Woefully underprepared. I had no idea what to do in Delhi, the mega-city/third-world-smelly-congested-capital of India.
Before I arrived I was sick to my stomach, something I was certain that was supposed to happen after I ate here, not before. I was scared about getting, robbed, ripped off, kidnapped, assaulted and terrible forms of violence against women I had read about in the news over the past few years. I took every precaution, loose cloths, limited cash, completely covered from head to toe and no talking to strangers.
After 4 days in Delhi I learned my precautions and lowered expectations, meant my experience exceeded my delusions of danger. While not my favorite city in the world there are a few good things about Delhi:
Shopping – this is favorite activity in India, period. A Delhi born friend suggested I head to Janpath Market near Connaught Circle (metro stop Rajive Chuk) to buy local shirt/dressed (called Kurtis) to blend in better. This was excellent advice. I bought 3 Kurtis (long tunic like tops), while I am certain I over paid I was able to bargain from 600+ rps to less than 300. While wearing Kurtis with leggings and a head covering shall, I feel significantly less vulnerable than in western dresses. The shawl is like my invisibility cloak, and it works. Once in local dress I was not once followed, harassed, bothered, and even was able to bargain more effectively for items like Jewelry – my second favorite thing to buy in India.
Jewels of India – If you have ever dreams of a sapphire ring – or any other semi-precious stone – this is the place for you. Tourist shops called “Craft Markets” are air-conditioned and sales people offer tea and bottled water to entice you to stay and shop. (I only bought 2 bottle of water in 4 days and was given about eight bottles while shopping) Less high pressure than other markets in the world this is a genuinely fun experience. If you are in the market for jewels, rugs, or just a few trinkets bargain your heart out. Tip: don’t let them sell you in US $, stick to rupees and cash for the best deal. It’s easy to get excited and whip out your credit card but if you stick to a price you are willing to pay, in cash, you can walk away with a better deal, or just walk away. There are loads of markets so don’t feel presseured.

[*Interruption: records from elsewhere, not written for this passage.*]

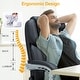 preview thumbnail 23 of 75, EROMMY Heated Massage Reclining Office Chair, 300 Lbs Capacity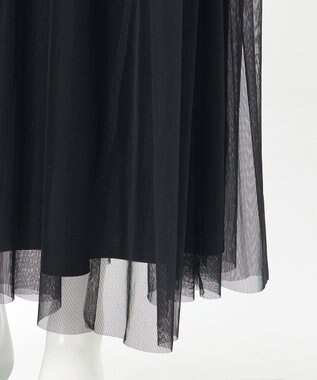 23区 【GOLD LABEL】ソフトチュール ドッキング ワンピース ブラック系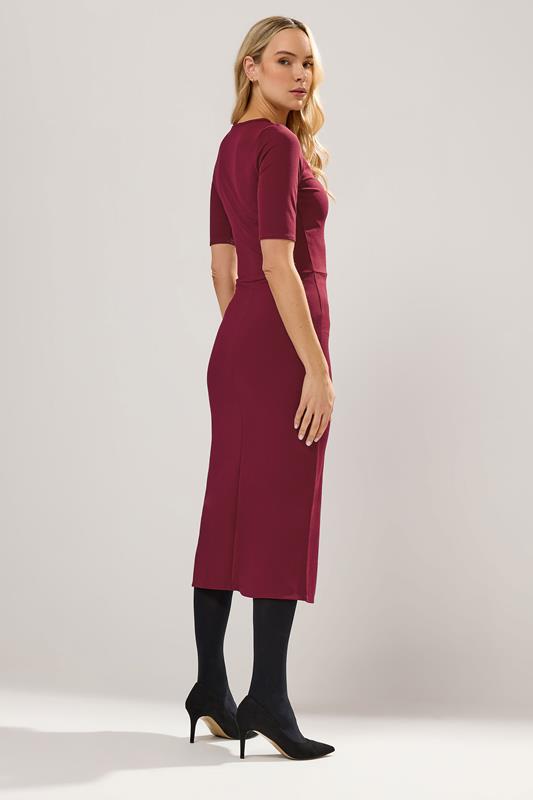 LTS Tall Red Keyhole Midi Dress | Long Tall Sally 2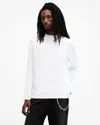 Allsaints Nero Mock Neck Relaxed Fit Sweatshirt In Chalk White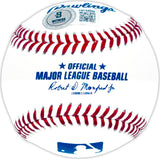 Tim Raines Autographed Official MLB Baseball Montreal Expos "HOF 17" Beckett BAS Witness Stock #229989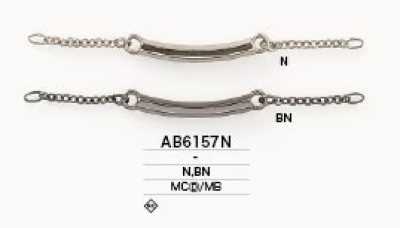 AB6157N Cabide para colarinho em fundição sob pressão/latão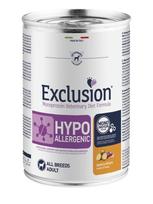 Šunų konservai EXCLUSION DM37, 400 g, antiena ir bulvės, hipoalerginiai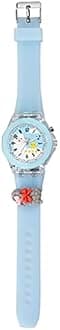 SWADESI STUFF Cute Cartoon Multi Color Lights Rubber Strap Kid Analog Watch For Girls (Sheep), Multi-Color Dial, Multi-Color Band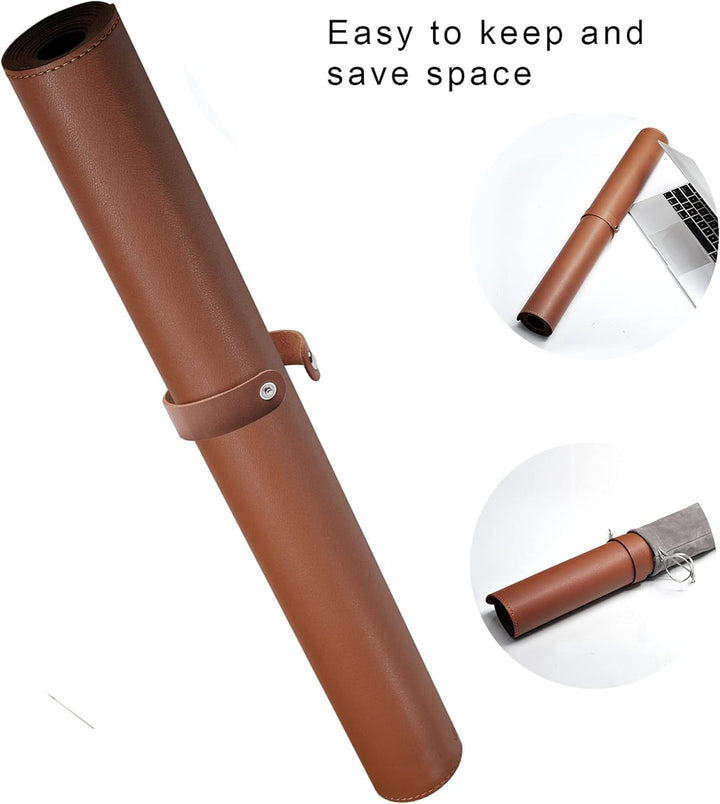 CENNBIE Schreibtischunterlage Leder 100 x 50cm, Extra grosse Tischunterlage, erweitertes PU-Leder Ma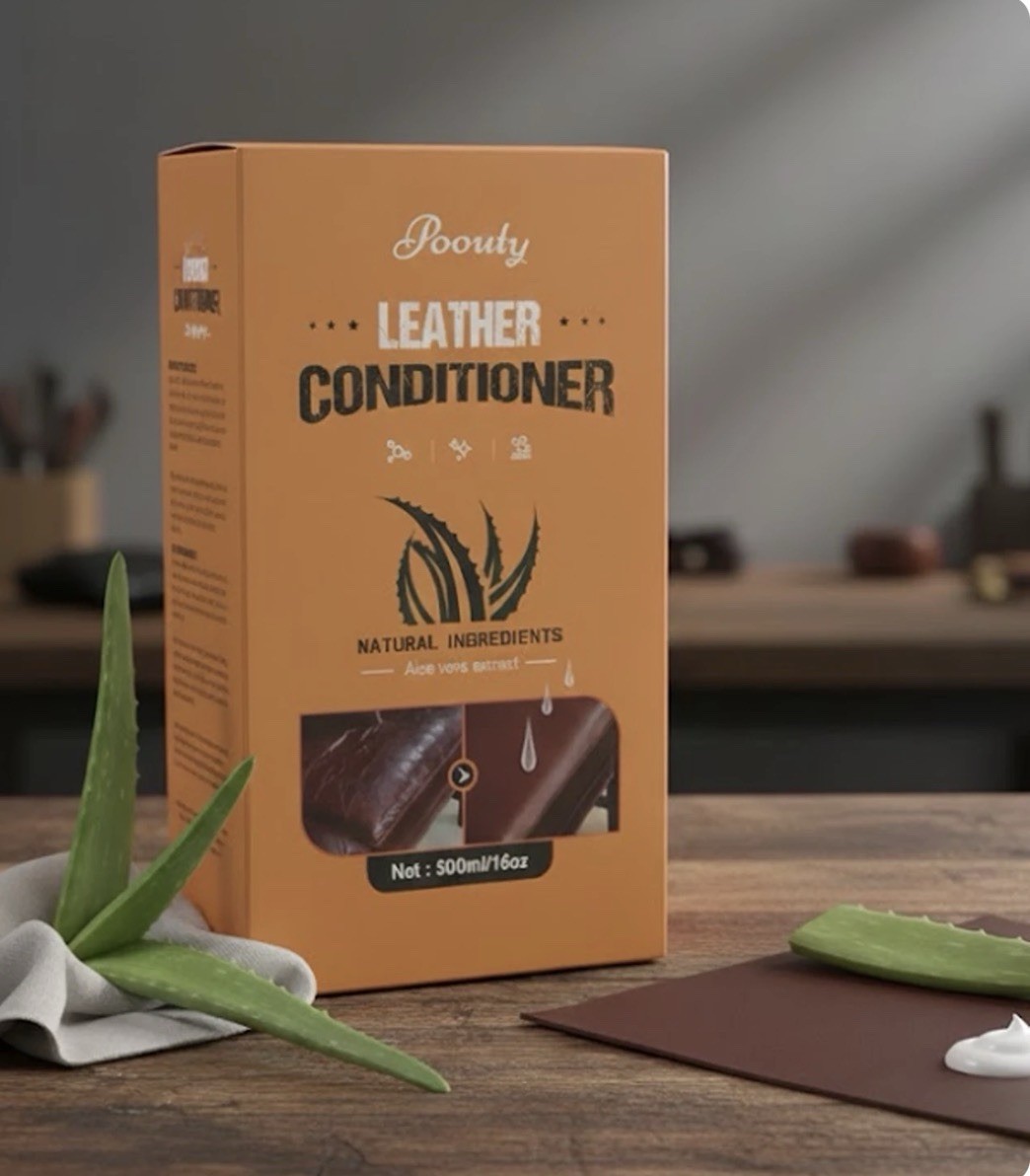 NEW 🔥Poouty Leather Conditioner 500ml/16oz With Aloe Vera Extract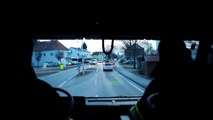 FF Alkoven: Anfahrt zu Verkehrsunfall am 6. Februar 2012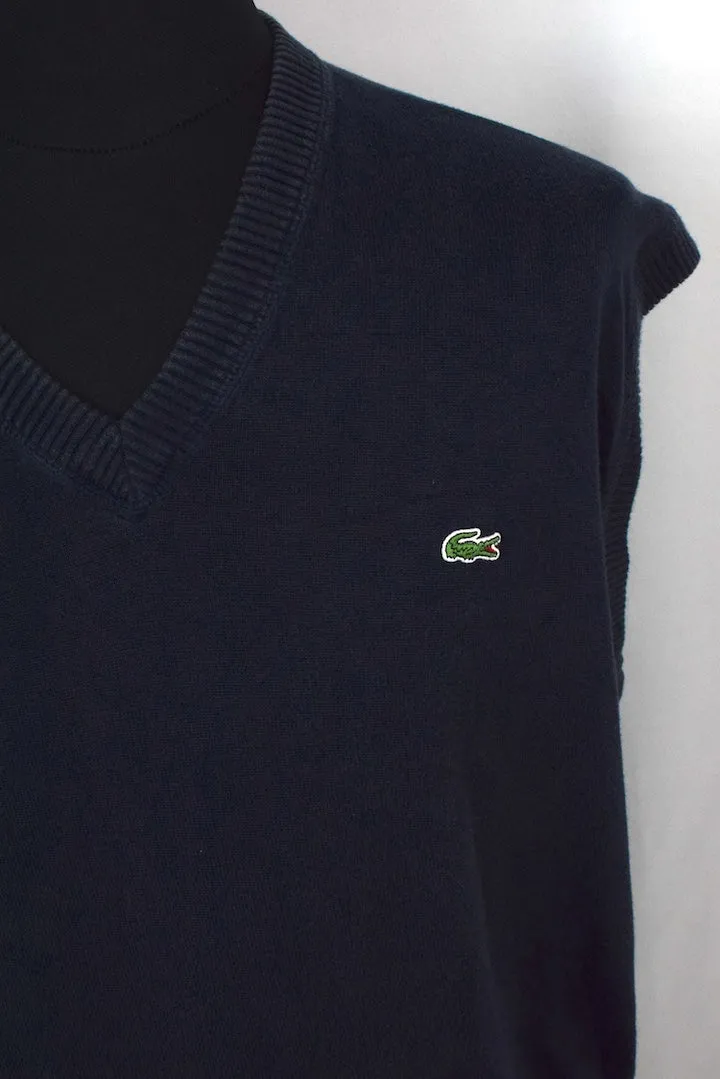 Lacoste Brand Knitted Vest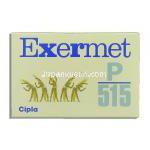 エクサーメット Exermet, ピオグリタゾン・メトホルミン 15mg/500mg 箱 (Cipla)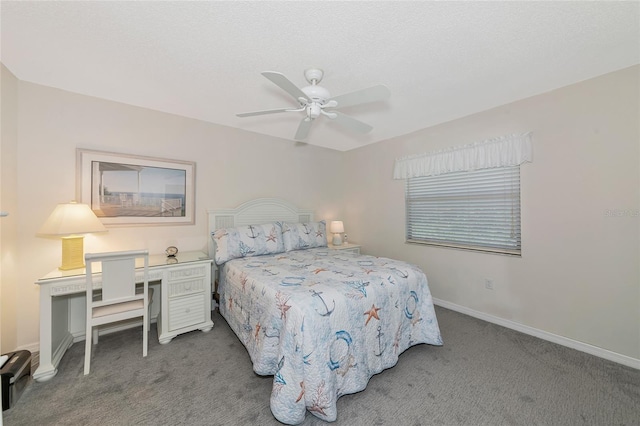 6796 Gasparilla Pines Blvd Unit 18, Englewood, FL 34224 - carpeted bedroom featuring baseboards and a ceiling fan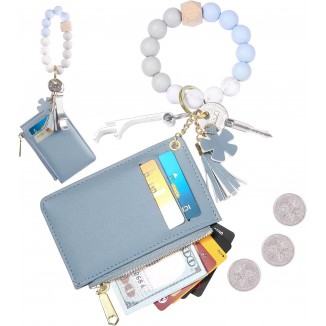 DOMUUH Wristlet Bracelet Keychain Wallet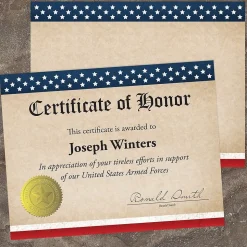 Great Papers Awards & Certificates<Patriotic Certificates, 8.5" x 11", Multicolor, 25/Count(2015083)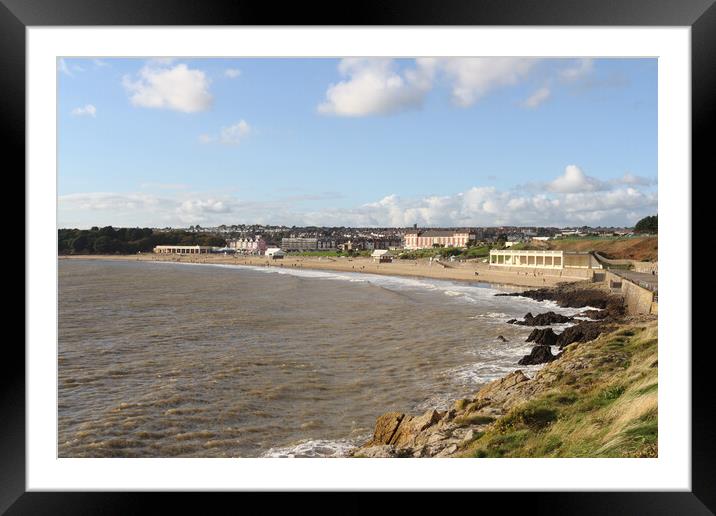 Barry Island Beach Framed Mounted Print by Kevin Round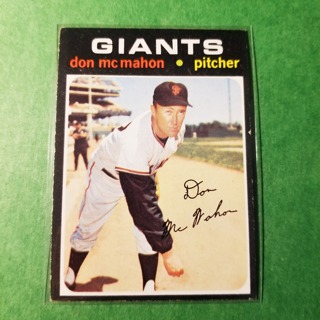 1971 Topps Vintage Baseball Card # 354 - DON McMAHON - GIANTS - NRMT+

Tuk Tuk – oh yes… the open air death trap that is the three wheeled “moto-rickshaw” is my favorite mode of transportation. Ask to use the meter and/or agree on a price before you get in. I found a local driver I liked to who picked me up the next day and drove me around for 3+ hours with the meter running and the total with generous tip was 200 rps – less then $3. Be firm, use the meter, and ask for price before hand. You will be more connected to the city then if you were in a AC cab – I did that too for 1500 rps for 4 hours and enjoyed it, but felt delightfully isolated from the world.
Splurge for luxury – it’s cheap. I am writing this from the JW Marriott in Chandigarh, a planned city designed in the 1950’s by Americn Architect-planner Albert Mayer, and fresh architect Le Corbusier in the 1950s. It’s a wealthy, clean, safe city at the foot of the Himalayas. Just like everything else in India luxury hotels are rather affordable. My spectacular room is $144 per night, a price I have paid for a Courtyard Marriott in Fresno. The service is exceptional – I have met several extremely friendly staff educated in the UK, traveling solo I welcomed the conversation.
While In Delhi I opted for a local feeling home stay for less than $50 per night I got a immaculate AC room, fridge, mini-bar, comfortable bed, rain shower, wifi, and breakfast. You don’t need luxury to have comfort, but if you are up for the splurge – go for it… luxury lodging doesn’t get cheaper.
Metro Ladies only train car – I didn’t think I would ride the metro, but curiosity got the best of me and I tried it, for only 10 Rupees, why not? The first car on the train is women’s only and it’s lovely. The only alarming part is the metro station security. You have to get in segregated lines – the is probably the only places where the women’s line is shorten then men – I am looking at you every mall, movie theater, or nightclub ever. Also, you have to take off your bag and run it through a scanner. This goes against all my travel instincts, but the lines goes at the speed of the screener (TSA could learn a thing or two from this) and after a few times you get used to it.
Smelly Delhi – on my third day I went to Old Delhi and the Red Fort Area. This is the smelly, crowned, slightly scary, Delhi you have herd about. Not bad, but not in a rush to go back there. Did’t find anything in the markets I had to buy but was amazed at the variety of things for sale, from Saree’s to bikes, chickens, toys, jeans, shoes, and goats (animals not for pets).
I will not pretend to know everything about Delhi, but despite being completely underprepared this solo lady traveler was safe and sound. Ladies, put on your invisibility cloak and Try This… Delhi.